カラダにストレスを与えない無縫製の立体編みニット〈 PRISTINE gents 〉のボクサーショーツ
取材・文/井出幸亮 撮影/阿部 健
(初出『Tarzan』No.753・2018年11月8日発売)
肌に密着するという意味において、下着は最もダイレクトにカラダに訴えかける存在であるにもかかわらず、ショーツに強いこだわりを持つ男性はまだまだ少ない、という気がする。
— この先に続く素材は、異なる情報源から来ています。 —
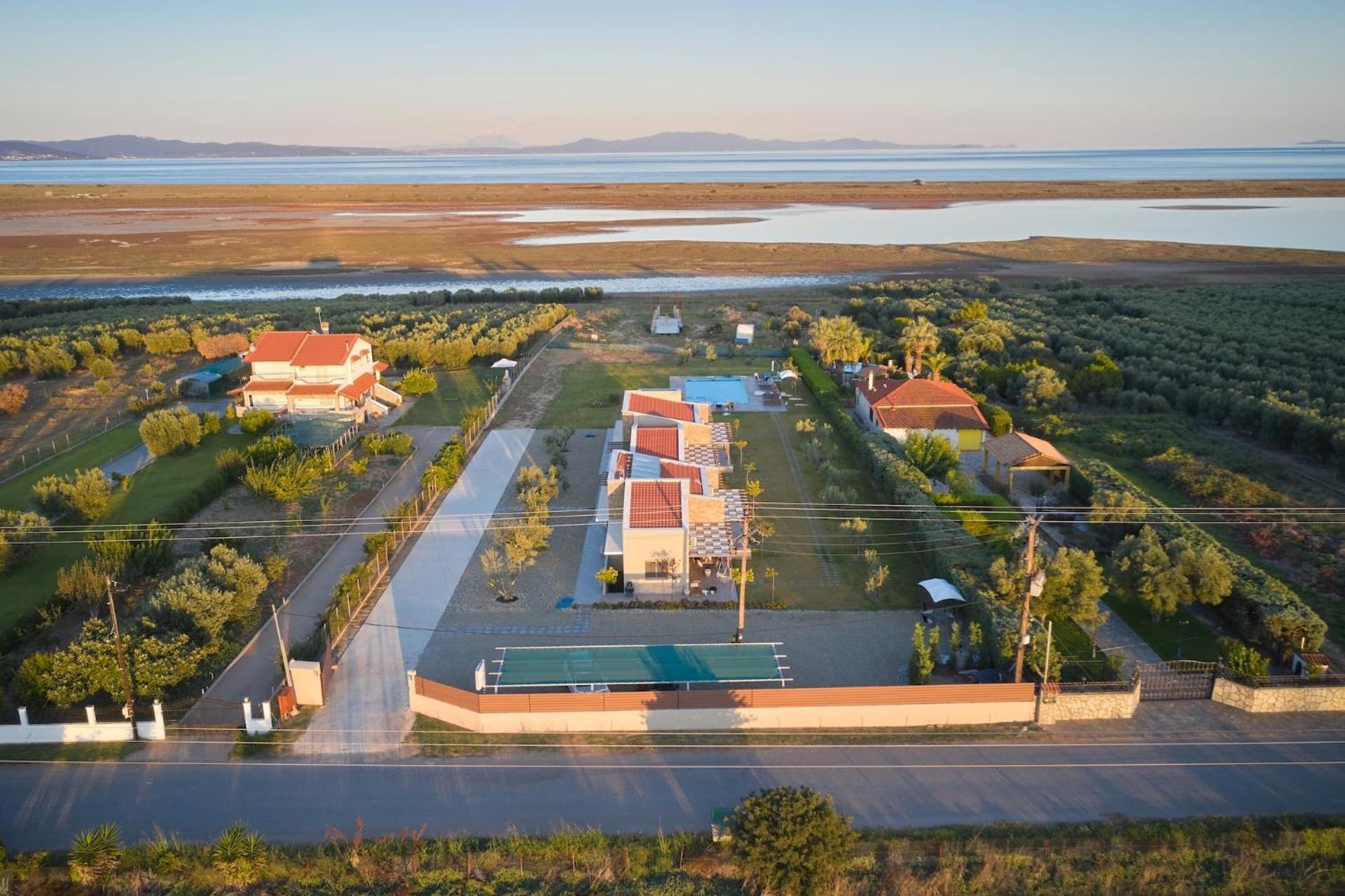Flamingo View Suites & Villas Potidée Extérieur photo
意識の低さか気恥ずかしさからか、少々肌触りが悪くても、締め付けが厳しくても、何となく我慢して穿き続けている人が多いのではないか。
20年以上も女性向けを中心にオーガニックコットンによる上質なウェアを提案してきたブランド〈プリスティン〉がそんな男性たちのために5年をかけて企画・開発したのが、《縫い目のない立体編み 薄手ショーツ》だ。
布帛をパターンにカットして縫製する一般的な肌着の製法でなく、一着まるごとが編み機から直接立体的に編成される「無縫製」のニットによるもの。内側に縫い代がないため、肌に当たってゴロゴロすることもなく、また編み地がカラダに抜群のフィット感をもたらす。
同ブランドの奥森秀子さんに聞けば、こうした立体成形のショーツは、もともと「競輪選手用の競技パンツとして開発されたもの」だという。
「カラダに不要なストレスを与えないだけでなく、編み地全体が伸縮する作りなので、運動による強い負荷がかかった際に縫い目から裂けることもなく、耐久性も非常に高い。こうしたスポーツ用のショーツを肌触りのよいオーガニックコットンに置き換えようと、原糸の素材や細さから編み地のテンションの強度まで、何度もテストを繰り返し、試行錯誤を重ねました」
肌着作りの豊かな経験値から生まれた、男性のための「究極のショーツ」。アメリカ原産のスーピマ綿で引いた極細の80番双糸を使った生地はなめらかで、バインダーやゴムもなく全体的にフィットする。そのあまりの軽く自然な着心地に、思わず「穿いていることを忘れてしまう」という感覚に陥る人も少なくないのだとか。
「こうした無縫製には日本のメーカーが作る特別な編み機が必要ですが、その編み機があれば誰でも編めるというものでもなく、それを使いこなす職人の方の卓越した技術が必要です。日本のテクノロジーと職人業が融合した商品だと言えると思いますね」
※製品情報は全て掲載当時のものです。